Do you use diaper cream? Do you use Charlie's for everything or just the diapers? Do you ever add fabric softeners, essential oils, Borax, Oxiclean, etc., to the wash (for dipes or clothing)? These things can leave a residual buildup in the washing machine itself, which can overtime affect the diapers. The buildup is a perfect breeding ground for bacteria, which is why you get the stink when they're wet. A good way to know if you're dealing with washer residue is if your towels smell musty after a few uses.

Also, how many diapers are you washing at once?

A couple of things to try:

For washing dipes, we always do a short cold wash/rinse cycle, *or* cold soak first. It depends on how dirty the diapers are. Sometimes I do both if there are a lot of poopy diapers. Then hot wash/cold rinse, followed by an extra rinse.

I would highly recommend you add a step before the hot wash, other than just a rinse ahead of time. (Our water bill doesn't change but a couple of cents, even when we add more cycles for weeks on to each diaper routine.)

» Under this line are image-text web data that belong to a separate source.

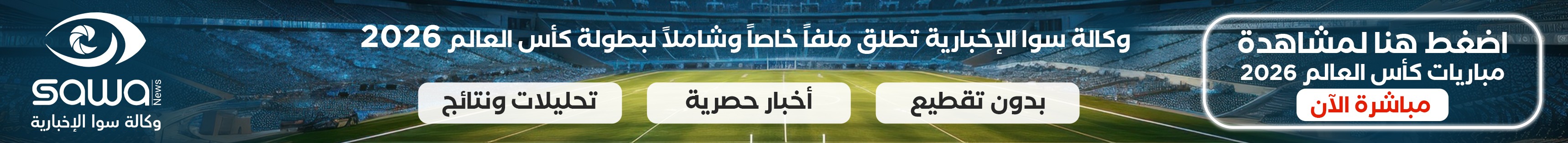 كأس العالم 2026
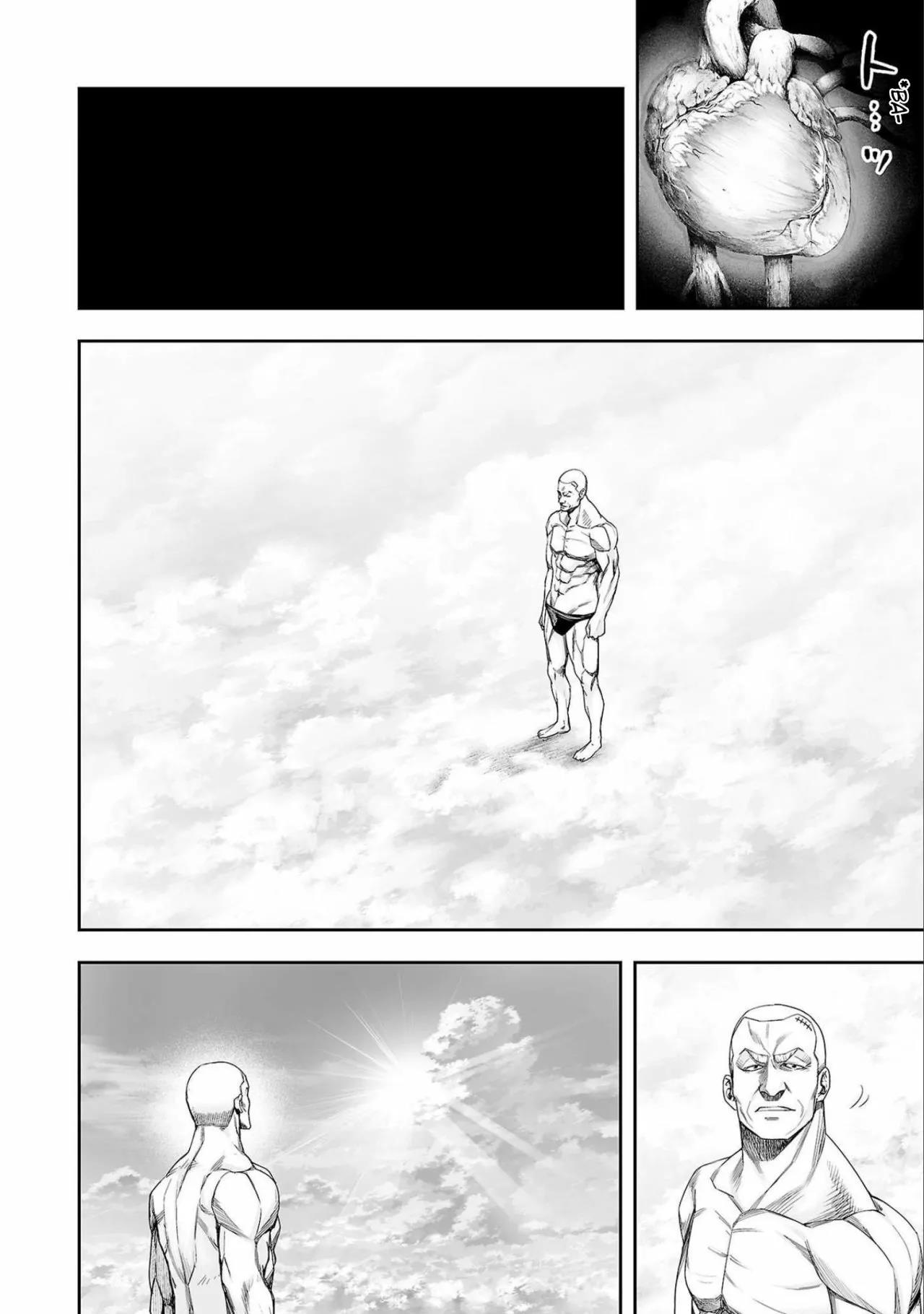 Read TSUYOSHI ES Manga Online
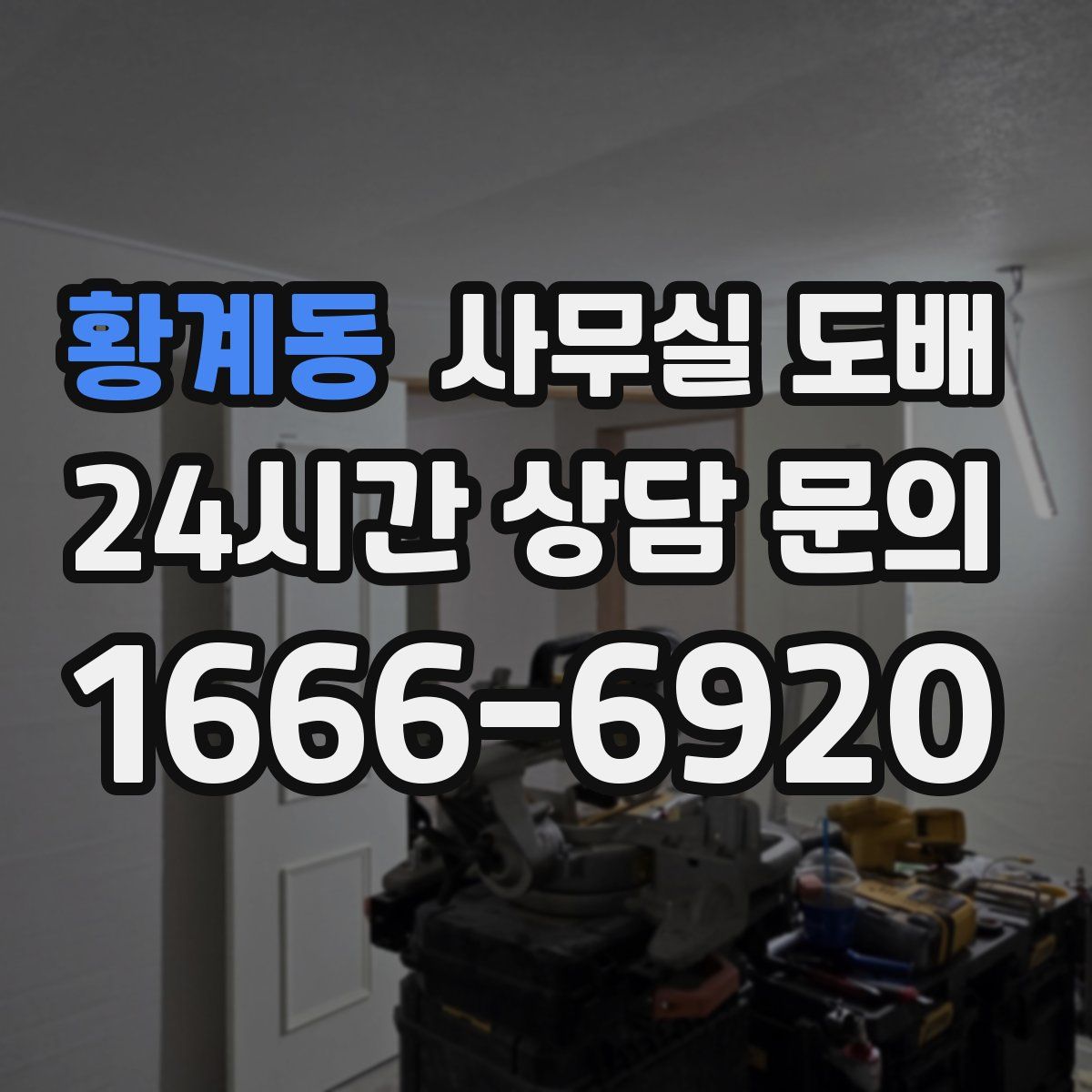 황계동 사무실 도배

Also, if you're using any other detergents or products that could be leaving a residue in your washer, then it might have buildup that's affecting the diapers. If that's the case, then get some Simple Green (auto dept Target) and use one tblsp on an empty hot wash (or stick an old towel in there with it to help loosen the residue from the washer). This will clean your washer. Do not use the SG on diapers or clothing as it is very caustic and will destroy some fabrics. Just using it to clean the washing machine will work.

Then I'd strip the diapers with some blue Dawn dishwashing liquid (about a teaspoon, if that, in hot water then add the diapers). Rinse repeatedly until no bubbles.

As long as you're not using any residue-building agents (diaper creams, other detergents on clothing, additives, etc.) and are just using the recommended amount of Charlie's it should not be leaving any residue behind.

*Unless* you're overloading the washer with diapers.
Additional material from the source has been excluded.